Layman movie review: EPISODE III RETURN OF THE SITH


Ug. I just knew it. I attended an exclusive preview screening of the upcoming Star Warts prequel and it was every bit as half-assed and idoticallly knuckle-headed as I thought it would be.

In honor of this movie, I'm going to start a new feature in this blog, titled:
Layman expose: REASONS WHY GEORGE LUC-ASS IS A BIG FAT IDIOT, Part One (of Infinity)

Ok, so... at the end of the Return of the Sith, Natalie Portman's character, Paddle-Me Armadillo, dies in childbirth, while giving birth to Luke and Leiar. Hello? Your frickin' galaxy has swords made of lasers, machines that resist gravity, and giant ships big enough to destroy planets. And yet, you can't master childbirth. How idiotically convinient for Episode III's lamebrained story purposes.

Plus, it's not like the character's death-during-childbirth comes as a surprise. Manakin has dreams about it the entire damn movie, and yet nobody takes any precautions. Ug. Double Ug. Anyway, another stupid Star Warts movie down the tubes. At least the misery is over.
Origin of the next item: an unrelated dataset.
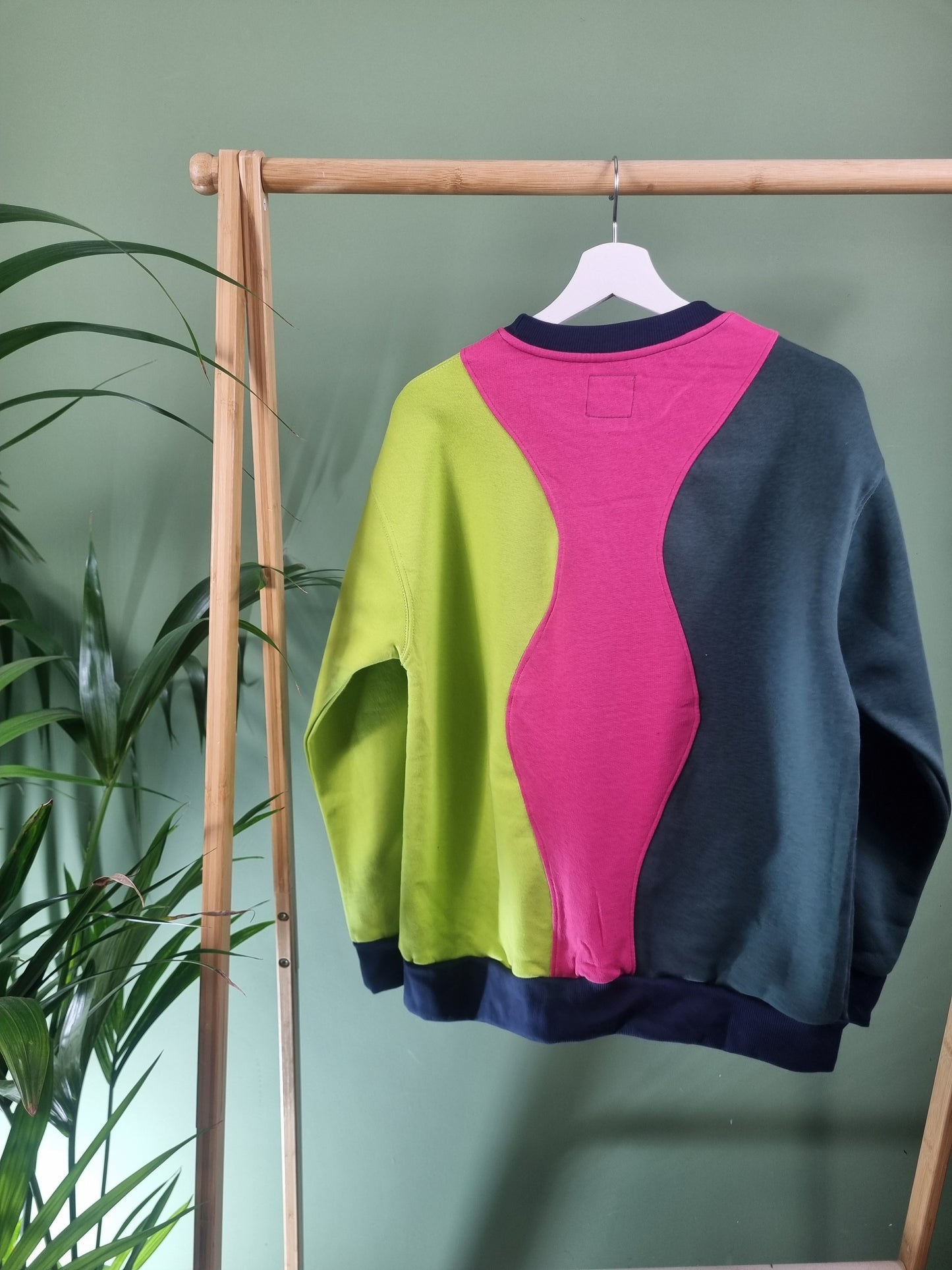 Nike chest swoosh rework sweater maat M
And I'm not even gonna get started on the Threepio stuff.

5 comments:

Christian said...

I hope you're joking, because...not to be a continuity maven, but Leia specifically recalls, for luke's benefit, what their mother was like in Return of the Jedi. So, to have her die in childbirth can only mean one thing: Return of the Jedi: Specialer Edition, coming soon to a DVD rack near you.

.rich

Brian Perez said...

If I can jump between the cannon-shots here for a second, I'd just like to say that Mr. Lucas is an A-1 Class media whore on a scale surpassed only by Mr. Barnum during the turn of the other century. Lucas lost the 'eye of the tiger.' After Empire Strikes Back, every movie has sucked harder than a black hole in Cygnus. You may now carry on with your exercises...

Anonymous said...

It's favorite thing in the world when people loudly declare that they're leaving some online discussion behind. I mean, did you expect farewells? Fanfare? Sobbing? Oh, or how about the rending of our garments?
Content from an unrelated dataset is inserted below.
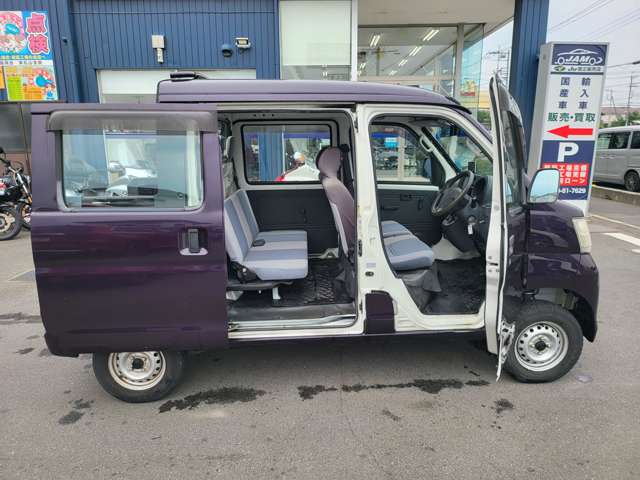 Daihatsu Hijet Cargo 6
John, your weblog rocks, if for no other reason than you've already managed to attract more blog drama queens than mine, and I seethe with jealousy.

SEEEEEEETHE!!!!

.rich

Anonymous said...

Tomb, you pretentious little prick...

Anonymous said...

Man, you guys have way to much time on your hands. Get a job or something. or maybe try to make your own movie and see what people say about it before you go draging others efferts through the mud.